By Barry Wilson, Ottawa Bureau, The Western Producer
October 20, 2000
 
BANFF, Alta. -- With world sugar prices at historic lows and subsidies in the billions of dollars, an international alliance of sugar growers and millers last week called on governments to include sugar in their trade liberalization efforts.

Bruce Vaughan of Queensland Sugar in Australia told an Oct. 10 news conference that subsidies and trade restrictions make sugar trade one of the most distorted in the world.

Yet it has not been a major item in previous efforts to negotiate trade liberalization.

"We believe there should be a broad agricultural trade liberalization deal and we are determined to make sugar a part of it," he said after a Banff meeting of the revitalized Global Alliance for Sugar Trade Reform and Liberalization.

It held its meeting in the Alberta resort town, hosted by Alberta's sugar beet producers, to coincide with an Oct. 11-12 Cairns Group meeting.

The alliance called for "fundamental reform" of trade rules to eliminate sugar export subsidies, production-distorting domestic support and border barriers.

Many of the world's sugar producers are in developing countries.

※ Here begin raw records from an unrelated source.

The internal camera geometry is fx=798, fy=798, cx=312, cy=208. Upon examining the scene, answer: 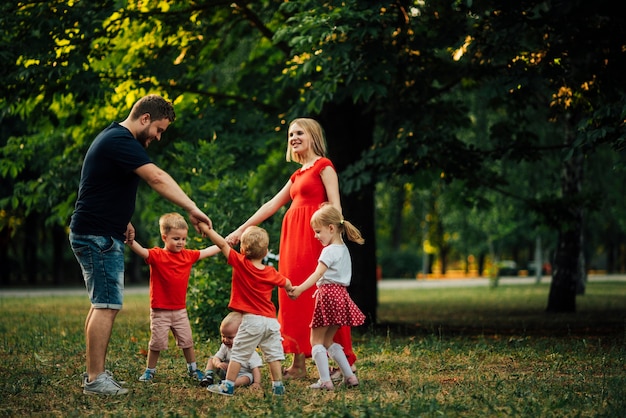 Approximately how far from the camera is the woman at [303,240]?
7031 millimetres

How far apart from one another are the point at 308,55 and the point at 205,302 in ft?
11.7

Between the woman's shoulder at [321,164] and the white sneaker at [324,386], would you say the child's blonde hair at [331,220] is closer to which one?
the woman's shoulder at [321,164]

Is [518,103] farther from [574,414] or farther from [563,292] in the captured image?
[574,414]

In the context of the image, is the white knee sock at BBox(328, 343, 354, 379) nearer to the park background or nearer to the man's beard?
the man's beard

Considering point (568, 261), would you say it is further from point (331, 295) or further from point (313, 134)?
point (331, 295)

They are hit hard when richer countries subsidize producers and drive down world prices, while erecting barriers to imports of cheaper sugar.

Phisit Pakkasem from the Federation of Thai Sugar Millers said a decline in sugar prices last year reduced incomes for Thailand's sugar farmers by $380 million (Cdn).

South African Sugar Association representative Tony Ardington noted that during the past three years, "the world price has fallen to the lowest it has ever been."

During those years, because of subsidy and protection, sugar production in the United States increased by two million tonnes.

Meanwhile, production fell in Brazil and Australia, which have lower production costs, because prices were too low and there was little government support.

If this trend continues, Ardington complained, "you will get a situation where production will be concentrated in the highest cost and least efficient countries."

Vaughan, who is chair of the international alliance, estimated that sugar prices would increase 40 percent if trade distortions ended.

In its communiqué and in many of the members' comments, much of the criticism was aimed at the European Union.

However, Sandra Marsden of the Canadian Sugar Institute said the Americans also limit imports and produce a subsidized surplus that could flood the Canadian market if the Canadian International Trade Tribunal drops a protective tariff now under review next month. That would devastate Alberta's sugar beet industry.

"We agree the Europeans depress prices with their production, but we have problems with the Americans as well."